**Aim of the task:**
The answer must be an exact copy of the lines from the one with "Cowboy galloping across" through the final line of the records below, with no pictures.

*** Opening of The data ***

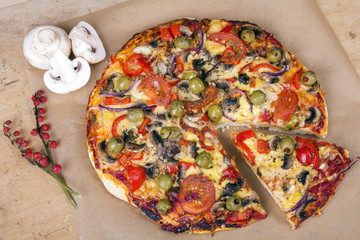 homemade pizza with olives, mushrooms and paprika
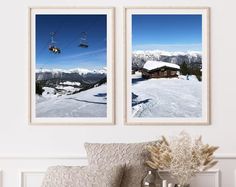 two framed pictures hang on the wall above a couch in front of a chairlift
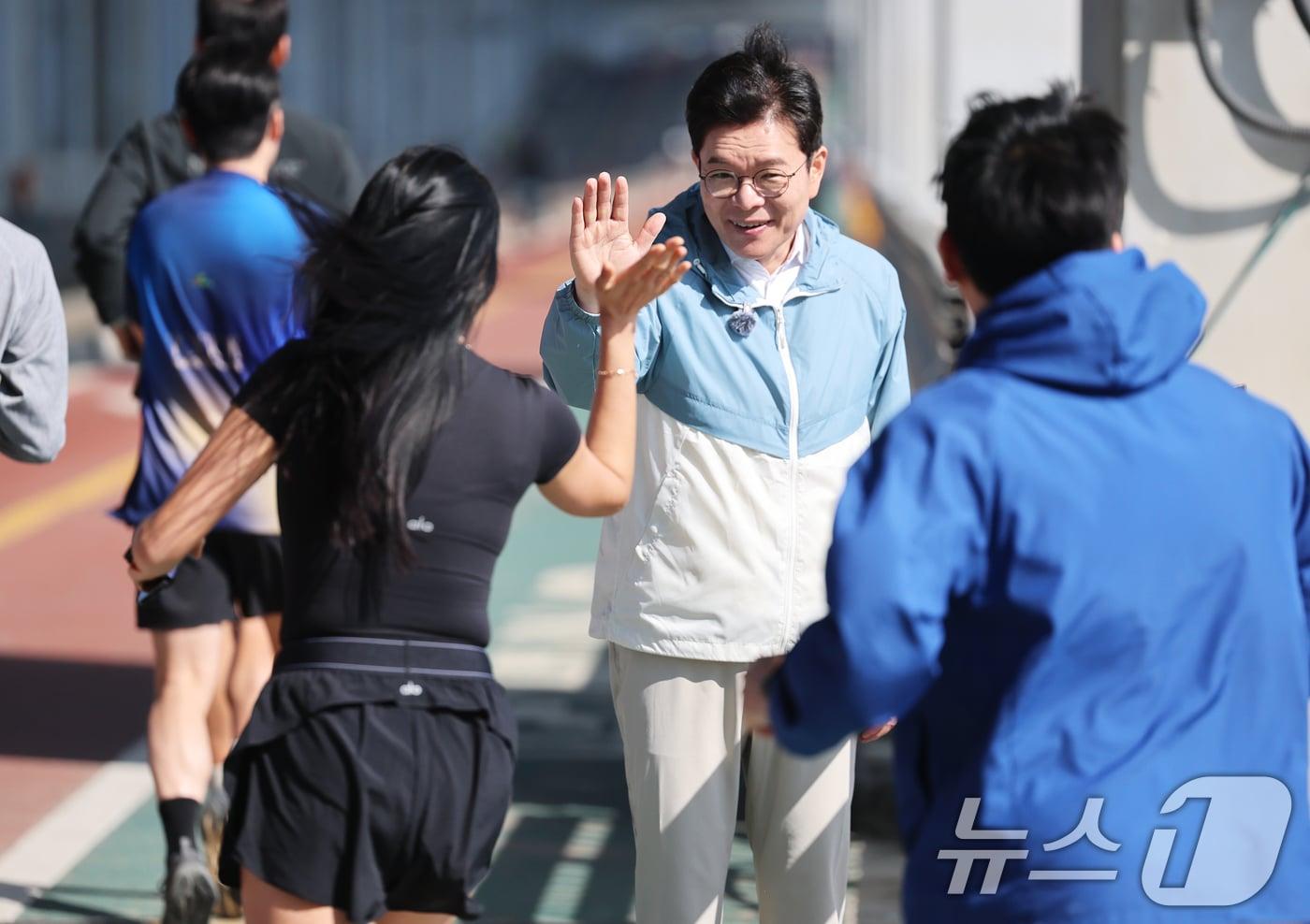 본문 이미지 - 정원오 더불어민주당 서울시장 후보가 25일 오전 서울 서초구 반포한강공원에서 열린 '찾아가는 현장: 러닝편'에서 러너들과 하이파이브를 나누고 있다. 2026.4.25 ⓒ 뉴스1 오대일 기자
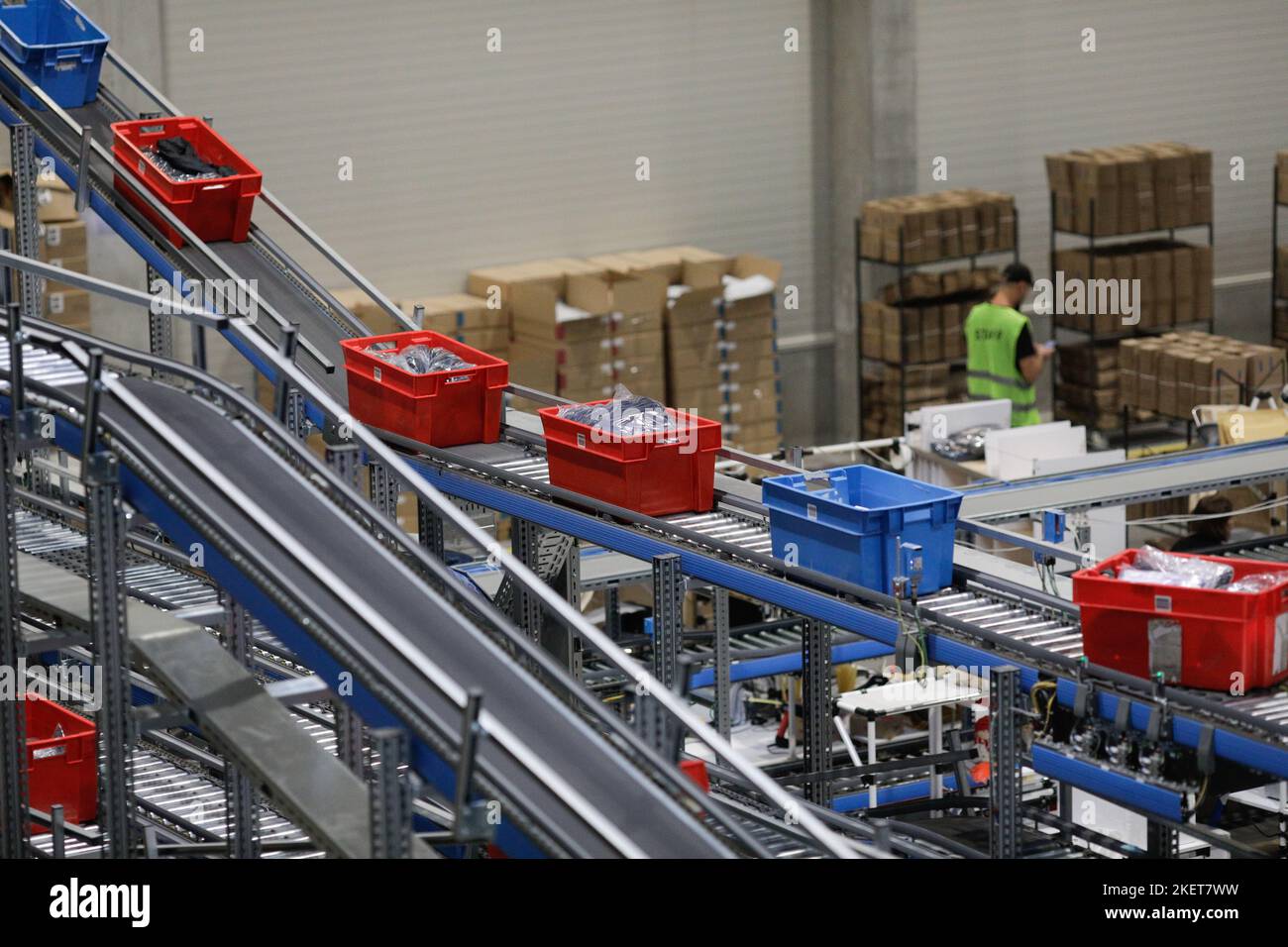 Bucharest, Romania - November 7, 2022: Boxes with products on a conveyor belt in an e-commerce and delivery company. Stock Photo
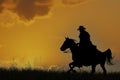 Cowboy galloping across hill against dawn sky Royalty Free Stock Photo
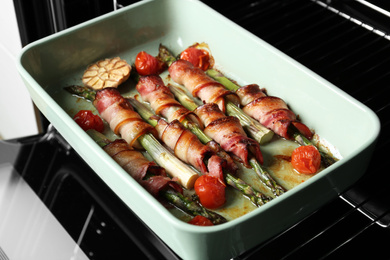 Bacon wrapped asparagus in baking dish on oven rack, closeup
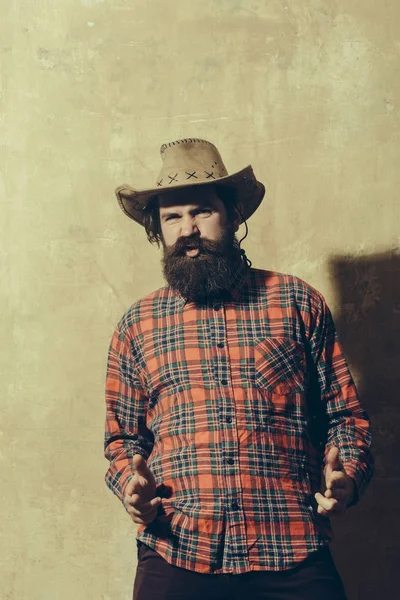 Bearded man with long beard in cowboy hat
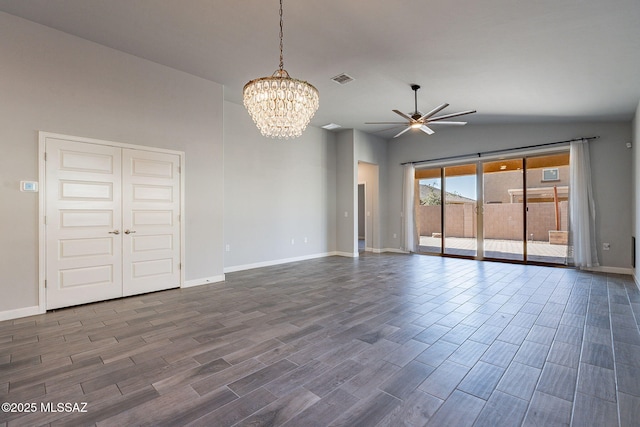 empty room featuring ceiling fan with notable chandelier and lofted ceiling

*** Close of The data ***

**Task answer:**
 Cowboy galloping across hill against dawn sky Royalty Free Stock Photo
 Bacon wrapped asparagus in baking dish on oven rack, closeup
 Bearded man with long beard in cowboy hat
 empty room featuring ceiling fan with notable chandelier and lofted ceiling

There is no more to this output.